Plans for cutting admissions test requirement paused by ABA Legal Ed council
After receiving letters from various law school deans with concerns about cutting the Law School Admission Test requirement, the council of the ABA’s Section of Legal Education and Admissions to the Bar on Friday walked back plans to go forward with the proposal in August.
The decision was made Friday—when the council met in Chicago.
A resolution to remove the entrance exam requirement from Standard 503 was rejected by the ABA House of Delegates in February, and less than two weeks later, the council voted to submit the proposal again in August at the the 2023 ABA Annual Meeting.
Many have spoken in favor and against the proposal, but for the most part, all agreed on one thing—that their position would help diversity in legal education.
One letter from law deans, dated April 12, suggested that Standard 503 should be revised to state that law schools admit no more than 25% of an entering class without an entrance exam, rather than cutting the requirement entirely. Additionally, the letter asked that the effectiveness of the revision be evaluated within six years to make sure that the change did not hurt law students and graduates. It was signed by more than 100 law school deans.
An April 13 letter from deans, signed by 14 women of color who lead ABA-accredited law schools, claimed that data does not support the argument that cutting the admissions test requirement will help diversity in the profession.
“At a minimum, this proposal is a bet on an untested strategy—when lesser interventions, such as the compromise proposal, will allow time to understand if this gamble will pay off,” those deans wrote.
The signatories supported the 25% plan detailed in the April 12 letter.
Under ABA rules, proposed revisions to law school accreditation standards and rules are sent to the House of Delegates for concurrence up to two times, but the council has the final decision on matters related to law school education.
Bill Adams, managing director of ABA accreditation and legal education, addressed the issue Friday. According to him, there are possibilities for different policies and practices that might do a better job at determining who can succeed in law school.
Besides Standard 503, he mentioned Standard 501, which focuses on admissions.
“Although the council believes that the proposed amendments to Standards 501 and 503 represent the correct approach to ensure that schools are permitted flexibility to innovate with their admissions policies, it wants to be sensitive and responsive to the concerns raised by law school deans and other stakeholders. The pause announced today will allow the council to evaluate these concerns as it continues to determine what is best for both the law schools and their applicants,” Adams said.

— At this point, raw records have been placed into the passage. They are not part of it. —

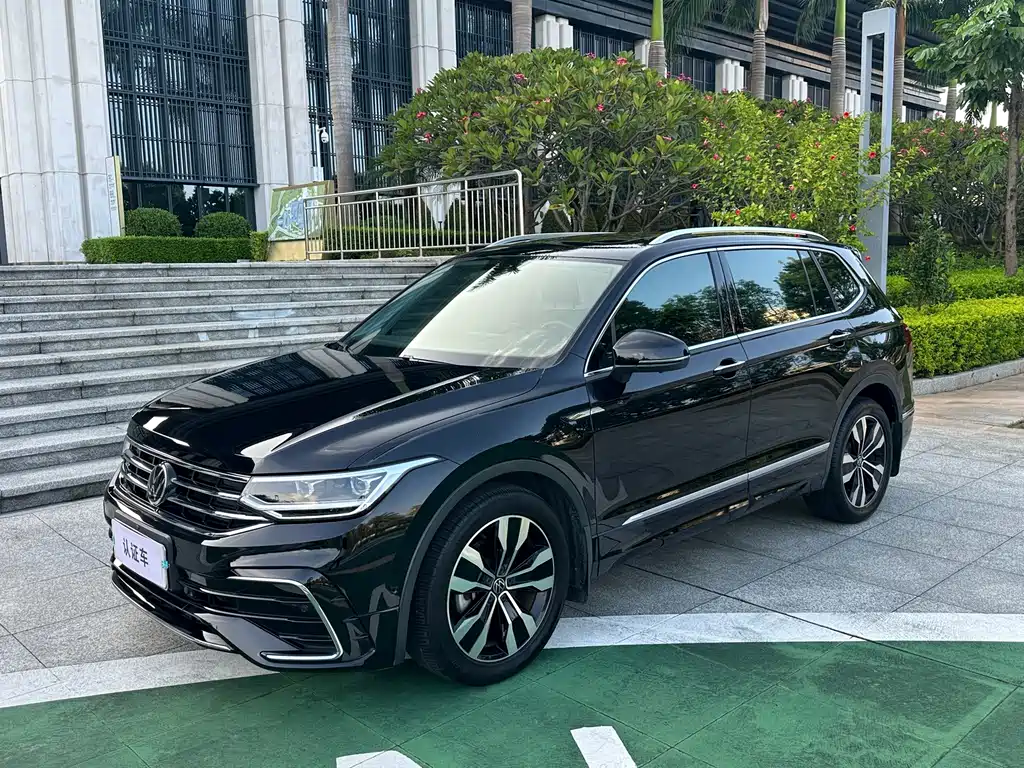 Volkswagen Tiguan L 2024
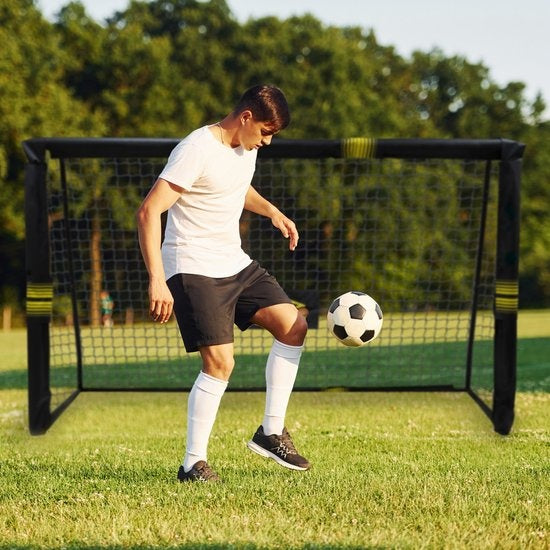 Umbro Fußballtor - 180 x 120 x 60cm - Fußballtor groß - Metall - schwarz/gelb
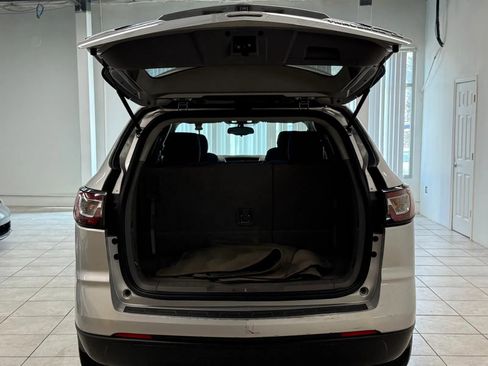 Used 2013 Chevrolet Traverse LS FWD image 15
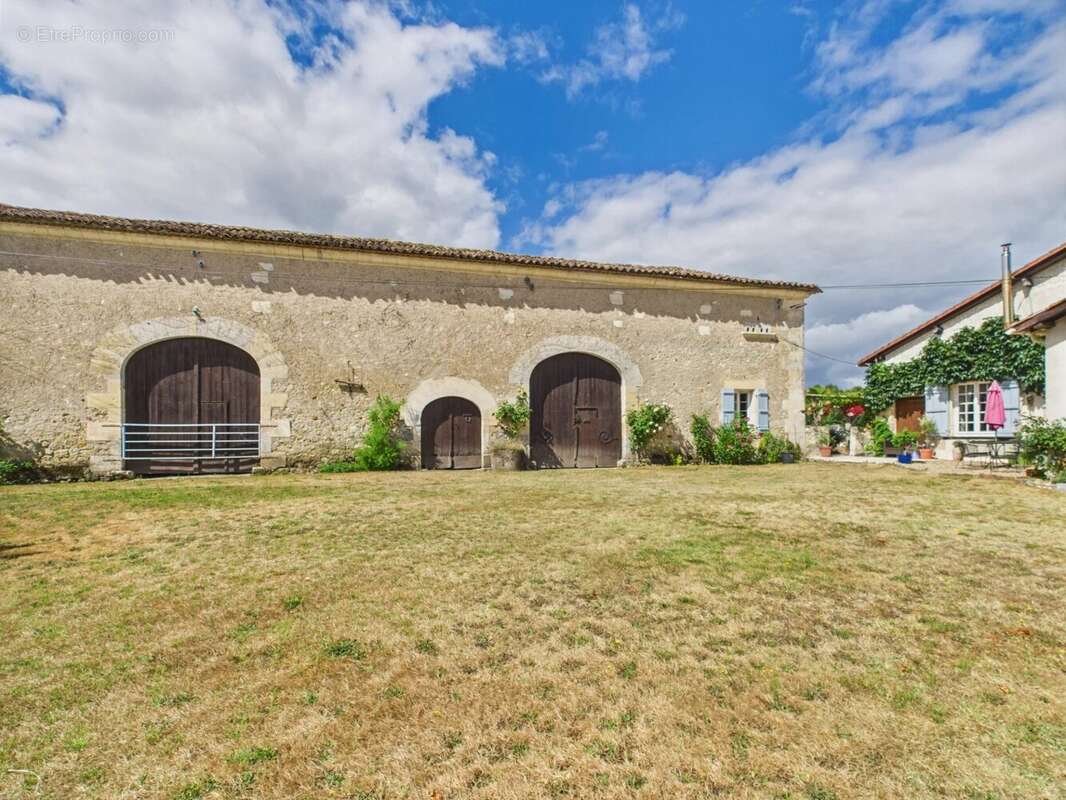 Charmante maison charentaise en pierre avec maison d'amis, piscine et plus de 1Ha de terrain - photo 29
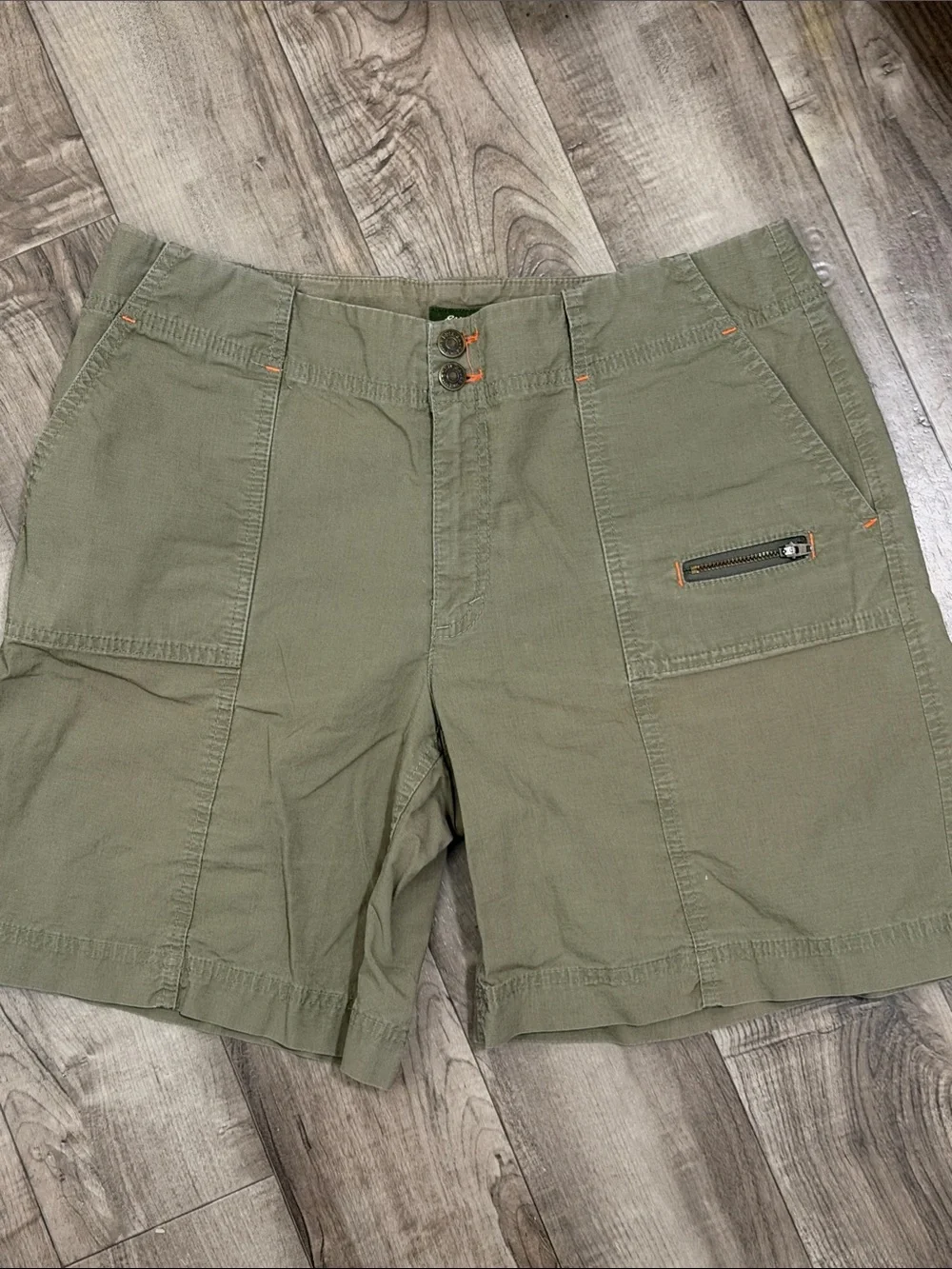 Eddie Bauer Olive Green Cargo Shorts - Picture 1 of 7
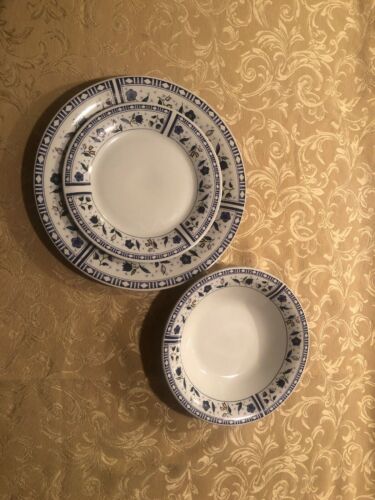 Gibson Housewares China 3 piece place setting blue trim floral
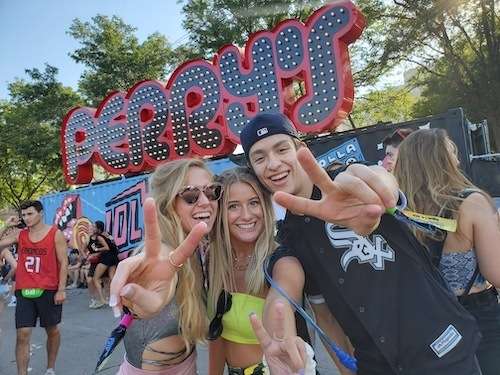 Saturday is Scorching at Lollapalooza! 5
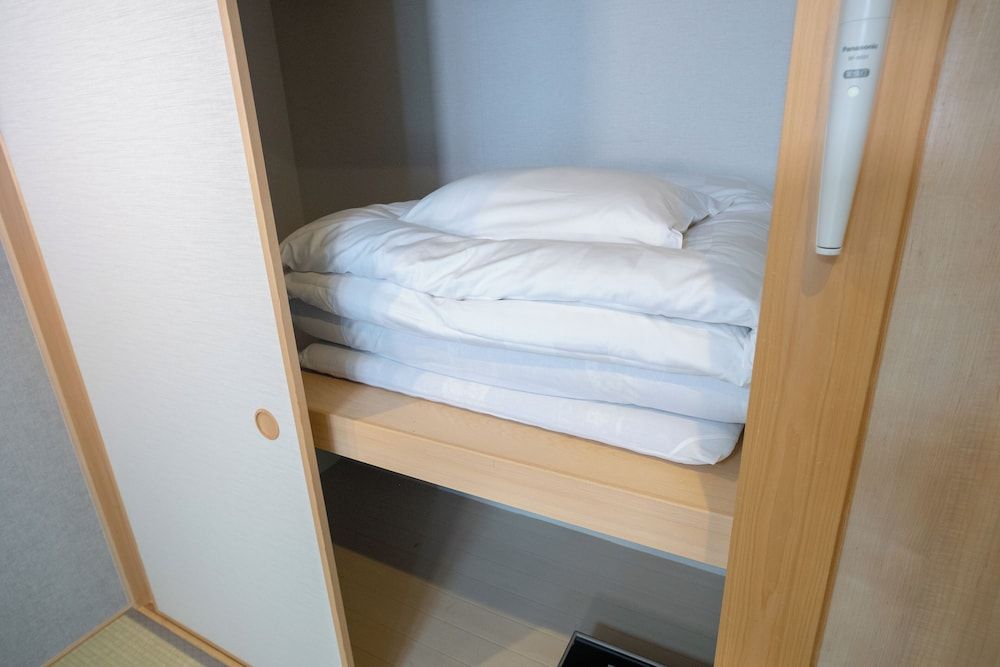 Essential tatami Room up to 3 futon beds (Non-smoking)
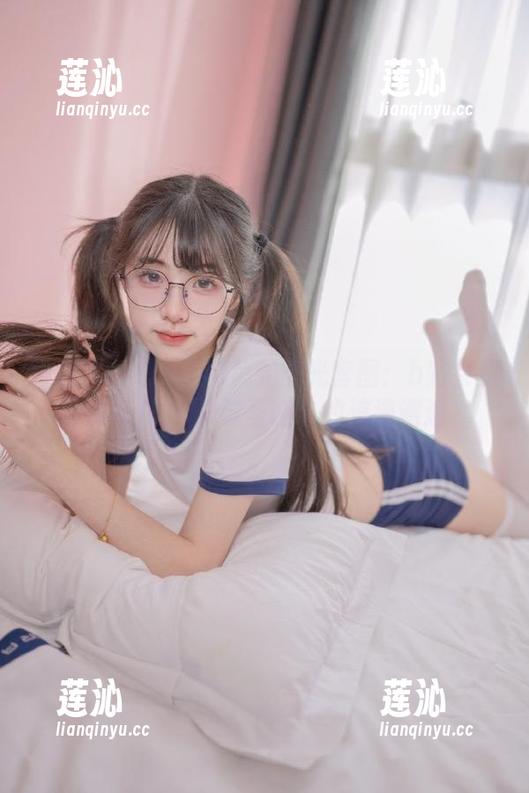微密圈 - 轩子巨2兔无圣光套图：b站会员情景ASMR与圣诞节的浪漫邂逅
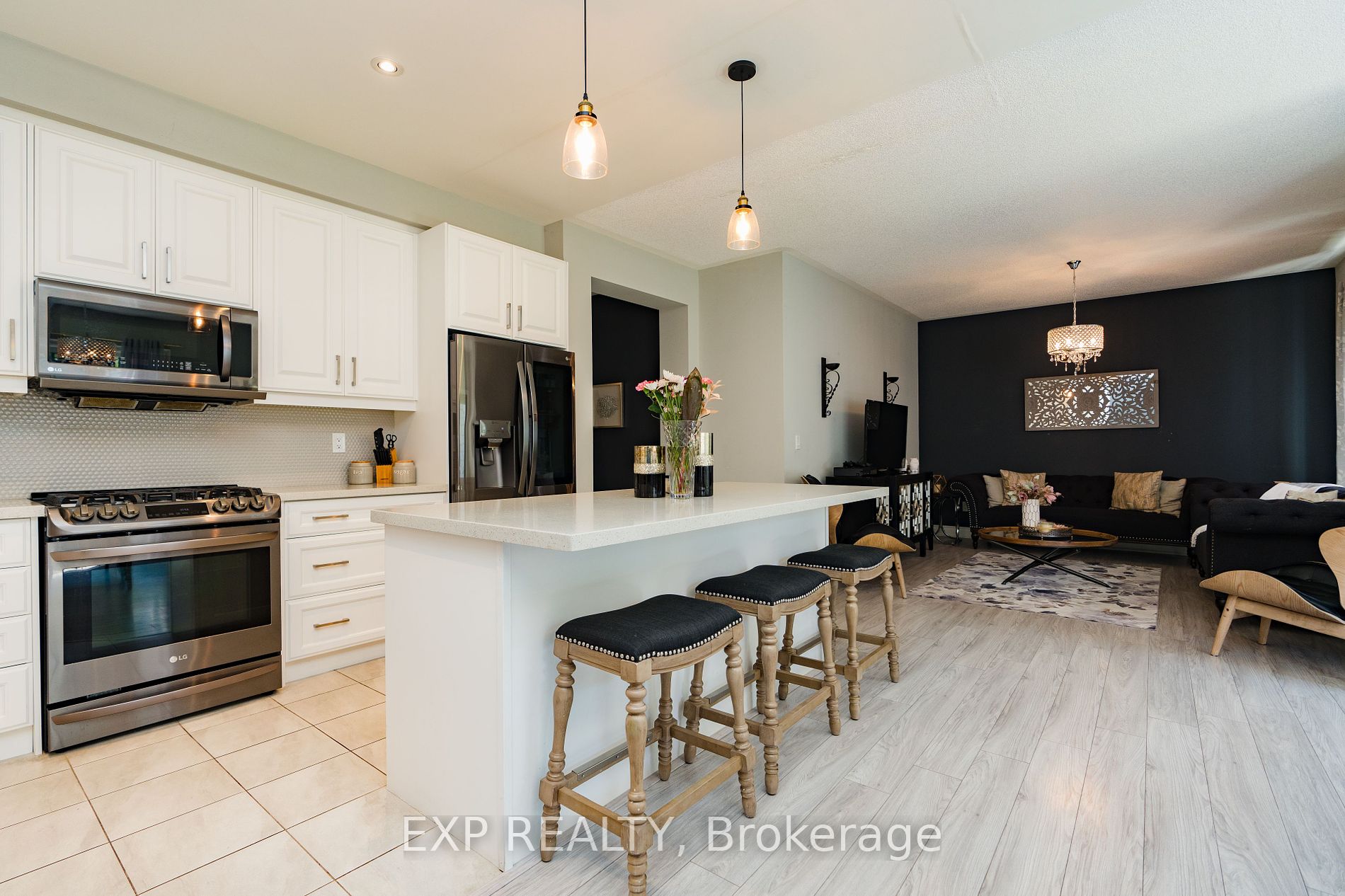 147 Kingsmere Cres Property Photo 16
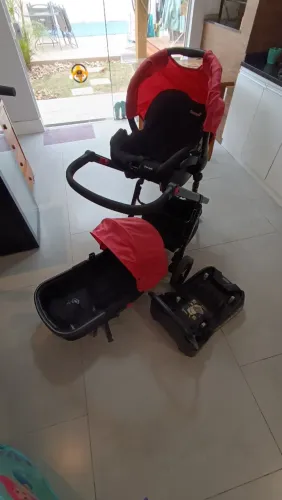 Carrinho bebê safety 1st Mobi one-safe acompanha bebê conforto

Law schools use the LSAT and the GRE as admissions exams.
“We welcome the council’s decision to explore alternative approaches to help promote access and opportunity in law school admission, and we stand ready to assist the council as they consider alternative policies,” Kellye Testy, president and CEO of the Law School Admission Council, which is responsible for the LSAT, told the ABA Journal in an email.
In other business, the council approved for notice and comment suggested language changes related to standards noncompliance. The proposals were outlined in an April 2023 memo from the section’s strategic review committee.
Suggestions include adding more wording to the definition of “probation” to make clear that it refers to a law school being in jeopardy of having accreditation withdrawn for standards noncompliance.
Also approved by the council were suggested changes to Rule 15, which addresses sanctions, to add language about specific sanctions and their triggers.
“The revision does not narrow the grounds upon which the council may impose sanctions. Rather, the changes eliminate redundancy in the rule,” according to the memo.
Additionally, the council approved proposed revisions aimed at allowing more law school distance education credits. That will likely go to the House of Delegates in August.
The council vote follows notice and comment. A February 2023 memo written by Joseph K. West, the council chair, details the suggested revisions.
The memo suggested allowing up to 50% of a JD program’s credit hours online without ABA approval. Under the existing version of Standard 311, law schools are limited to granting up to one-third of the required credit hours through distance education without council approval.
The U.S. Department of Education only requires accreditor approval if a program offers more than 50% of its credits online, and changing the policy would decrease the amount of substantive change requests that the council receives, according to the memo. It addresses Standards 105, 306, 311 and 511.
Besides language changes to allow up to 50% of a JD program’s credit hours online without ABA approval, the proposed revisions add wording aimed at ensuring quality in distance education. That includes using technology that supports learning outcomes and providing students and faculty training for the technology.
Also, the proposed revisions suggest that if an outside party delivers distance education courses, the law school will actively ensure the quality and effectiveness of the programs. The quality-related proposed revisions relate to Standard 306.